Clearly, director Xavier Gens never picked up Jacamon and Matz’s exceptional graphic novel The Killer: Volume One (Le Tueur). This comic not only would make a clean adaptation to screen, but practically screams to be taken to the movie house with a manageably short length. It contains such intricate panels and well-crafted dialogue, that filming would be paint-by-the-numbers, and there’s enough underlying cultural commentay to make the movie more than just a muzzle flash.

The Killer relates the story of its eponymous, unnamed character in the decline of his career as a professional assassin. His downfall is not one of old-age or faultering skill, but rather of deteriorating mental composure, having spent far too many nights staring down the rifle’s scope, waiting for hours with his crosshairs on nothing. After a botched hit, the killer is hunted by an agent across the world, leading to several near misses with death.

Eventually, the story becomes less about the hitman’s survival and more about the feedback loop his actions have become, barring him from the retirement he desperately wants. As with most criminals, though, his pension can only come at the mass annihilation of those who populate the criminal world of which he is part.

Upon opening the first page of the graphic novel, the reader is immediately greeted by Jacamon’s elaborate and expressionistic illustration, which skillfully carries the fog of noir throughout the entire piece. The style manages to maintain a nice balance between clean and gritty, mostly comprised of smooth colors with slightly irregular line work, framed by similarly sharp but imperfectly lined boxes in gorgeous layout.

It is an absolute credit to Jacamon’s skill that he never dips into the splatter aesthetic that so many comic artists use to disguise poor art — covering a page in ink spots to fake a violence they could never conventionally achieve. Rather, Jacamon succeeds in painting just as dark and blood-stained an environment as seen in such comics, but the crisp manner in which he does so accentuates the euphemism of the world in which the killer works.

Truthfully, the real artistry of this graphic novel is not in the service of creating a story about a killer but, rather, crafting an intuitive evaluation of the world which facilitates the killer’s existence. Much of the tale is told by the assassin’s omnipresent narration, which often wanders to musings about who the real killers are. Is it the person that pulls the trigger or the person that orders the kill?

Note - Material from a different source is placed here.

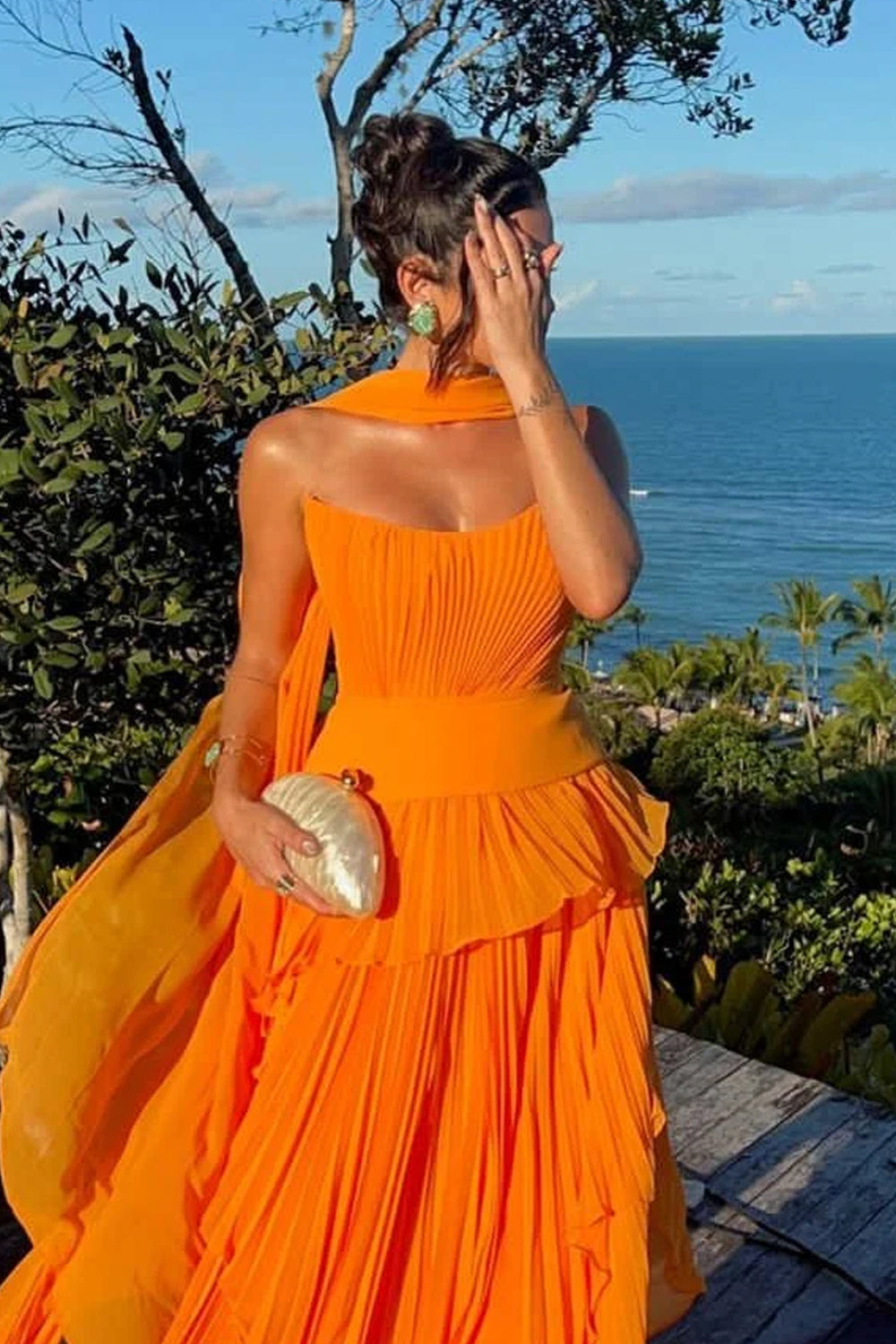 orange ruffle prom dress Clarisse 2013 Outrageuous Orange Strapless Sweetheart High low Beaded Ruffle Prom Gown 2130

If we accept the former — and how can we not — how does this intentionalistic blame scheme leave unscathed the masses, whose neglect for others leaves third world children to die, or whose capitalistic life style is funded by political terrorism? It doesn’t, the killer concludes.

Although, such sentiments are by no means groundbreaking, they ring especially true in a present where atrocities like those in Darfur and Uganda are all but ignored by populations at large. In such a context, one is prompted to question if the book is about the killer we see sniping fat businessmen down, or if it’s about a mass indictment of killer-dom.

Either way, the book is maddeningly enjoyable. After its 128 pages you will want to read the next two volumes in this series which, alas, have not yet been published. This phenomenon is caused by Jacamon and Matz’s uncanny capacity to build momentum, coming as close to simulating in comic form the fast editing of a movie.

Furthermore, the last sequence (no spoilers, I promise) should either leave you breathless or nodding your head to the imaginary soundtrack you would hear had The Killer been a movie. Whether or not you traditionally enjoy graphic novels, the cinematic sensibility of The Killer makes the book as accessible as any film.